Personal information
- Full name: Paul John Bradshaw
- Born: 1 May 1978 (age 48) Chelmsford, Essex, England
- Batting: Right-handed
- Bowling: Right-arm fast-medium

Domestic team information
- 1995–present: Norfolk

Career statistics
| Competition | List A |
| Matches | 11 |
| Runs scored | 37 |
| Batting average | 7.40 |
| 100s/50s | –/– |
| Top score | 20* |
| Balls bowled | 591 |
| Wickets | 19 |
| Bowling average | 20.68 |
| 5 wickets in innings | – |
| 10 wickets in match | – |
| Best bowling | 4/30 |
| Catches/stumpings | 2/– |
- Source: Cricinfo, 28 June 2011

= Paul Bradshaw (cricketer) =

English cricketer

Paul John Bradshaw (born 1 May 1978) is an English cricketer. Bradshaw is a right-handed batsman who bowls right-arm fast-medium. He was born in Chelmsford, Essex.

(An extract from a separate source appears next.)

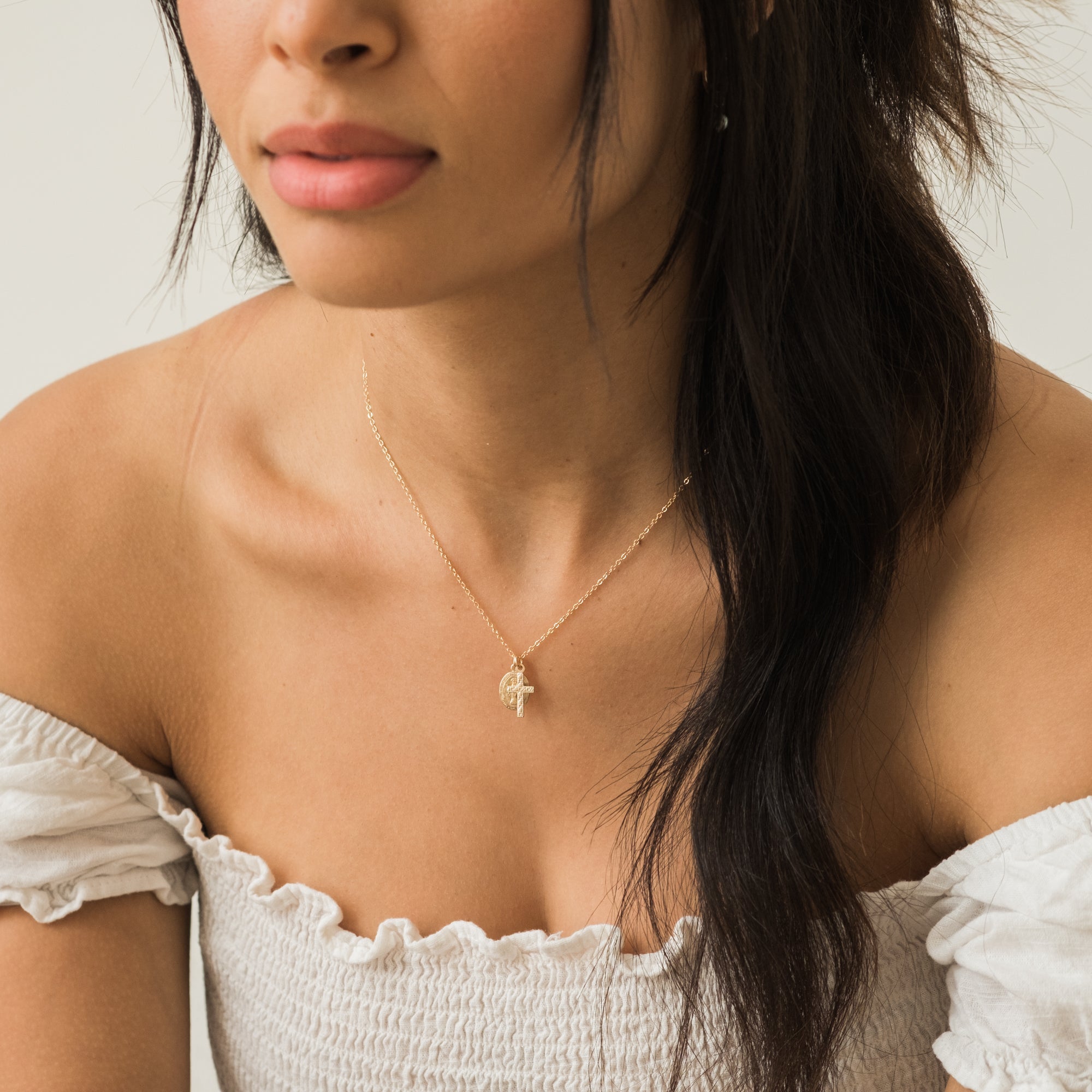 Kleiner Anhänger mit der Muttergottes und Kreuz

Bradshaw made his debut for Norfolk in the 1995 Minor Counties Championship against Bedfordshire. Bradshaw has played Minor counties cricket for Norfolk from 1995 to present, which has included 82 Minor Counties Championship matches and 54 MCCA Knockout Trophy matches. He made his List A debut against Warwickshire in the 1997 NatWest Trophy. He made 10 further List A appearances, the last coming against Lincolnshire in the 1st round of the 2004 Cheltenham & Gloucester Trophy, which was played 2003. In his 11 List A matches, he scored 37 runs at an average of 7.40, with a high score of 20 not out. As a bowler, Bradshaw took 19 wickets at a bowling average of 20.68, with best figures of 4/30. This came against the Netherlands in the 2002 Cheltenham & Gloucester Trophy.

Bradshaw has previously played Second XI cricket for the Essex, Leicestershire, Hampshire and Kent Second XIs.